The max drawdown of the S&P 500 during the Great Recession of 2008 was 55.25% which occurred over a period of 18 months. (Max drawdown is expressed by the difference between the prior highest peak of the S&P 500 to its lowest valley). What happened in the aftermath of the Great Recession was the largest bull market in American History. In the 11 years since the infamous 2008, all but one year saw a rise in the S&P 500 index. Think about if your retirement savings were classified as Roth dollars and every year except 1 resulted in a positive rate of return; with both principle and earnings being. All tax-free in retirement.
2019 | 31.49
2018 | -4.38
2017 | 21.83
2016 | 11.96
2015 | 1.38
2014 | 13.69
2013 | 32.39
2012 | 16
2011 | 2.11
2010 | 15.06
2009 | 26.46
2008 | -37
What to Think About when Contemplating a Roth Conversion
By far the biggest implication of converting traditional pre-tax retirement deferrals to Roth is going to be the immediate tax obligation. Going back to the $70,000 example and the assumed effective income tax rate of is 25%, that would result in an overall tax liability of $17,500 that must be addressed. That is certainly not a number that most people have readily available to pay out of pocket as you would not be able to use retirement savings to assist. The other thing regarding taxes that you will need to be cognizant of is that the amount you would convert is added on as earned income for the year and very well could raise your income tax bracket for both State and Federal.

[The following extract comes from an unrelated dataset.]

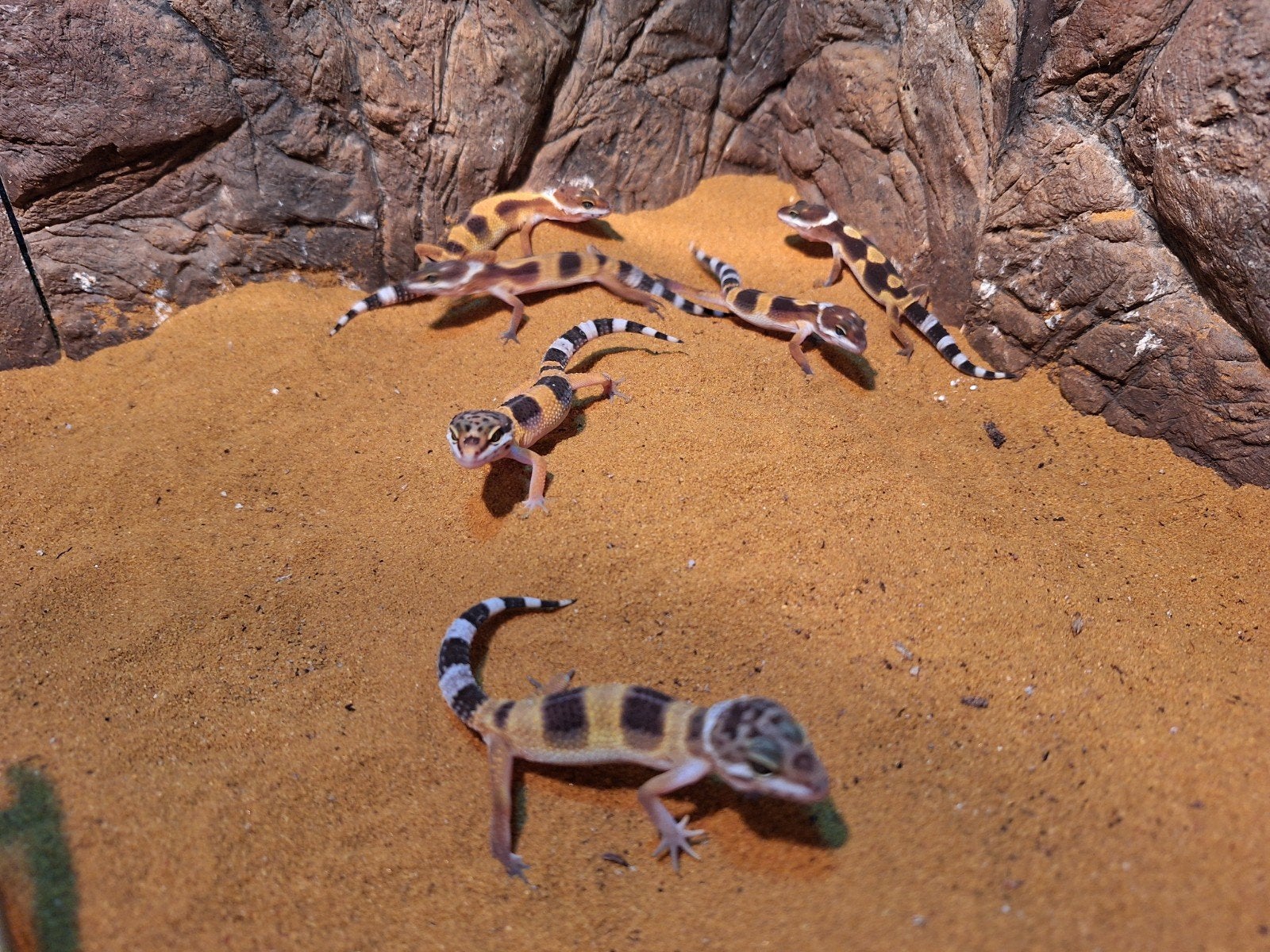 Jonge luipaardgekko's, Dieren en Toebehoren, Hagedis, 0 tot 2 jaar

All vested qualified retirement pre-tax savings are eligible for Roth conversions. For traditional IRA accounts, that process is very straight forward, and you should be able to find out the process from your provider. For 401(k) plan’s, even though the IRS allows for all plans to have an in-Plan Roth conversion option, it is ultimately up to each Plan Sponsor to include in the elect this provision in the plan document. Plan sponsors for retirement plans should be able to contact their provider and determine if the option is currently available and if not, how to amend the plan document to include.

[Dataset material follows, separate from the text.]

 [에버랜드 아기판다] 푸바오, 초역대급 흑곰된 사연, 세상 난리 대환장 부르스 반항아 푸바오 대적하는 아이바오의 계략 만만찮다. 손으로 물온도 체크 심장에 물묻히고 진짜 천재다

If thinking about doing a Roth conversion of your traditional pre-tax retirement savings, some things to keep in mind include:
The dollar amount converted would be considered earned income for this year.
Retirement savings would then grow tax free with investment earnings.
Need to be invested in a Roth account for at least 5 years from first contribution and be age 59 ½ to receive the tax-free treatment.
Protection in the event income tax rates are raised 20 or 30 years from now during your retirement.
The average 401(k) investor is always going to be holden to the stock market as it has been historically been the greatest avenue to generate investment earnings. This market downturn is not the first and won’t be the last and staying the course on your overall investment strategy will always be the best course of action. When looking for a way to benefit from the current trough, a Roth Conversion is something that is controllable and if used and timed properly, could put you in the driver seat to reach goals to have the dignified retirement that everyone aspires to.
With a decision of this magnitude it is advisable to talk with your tax-preparer and financial planner to determine the short-term and long-term implications with a Roth conversion strategy.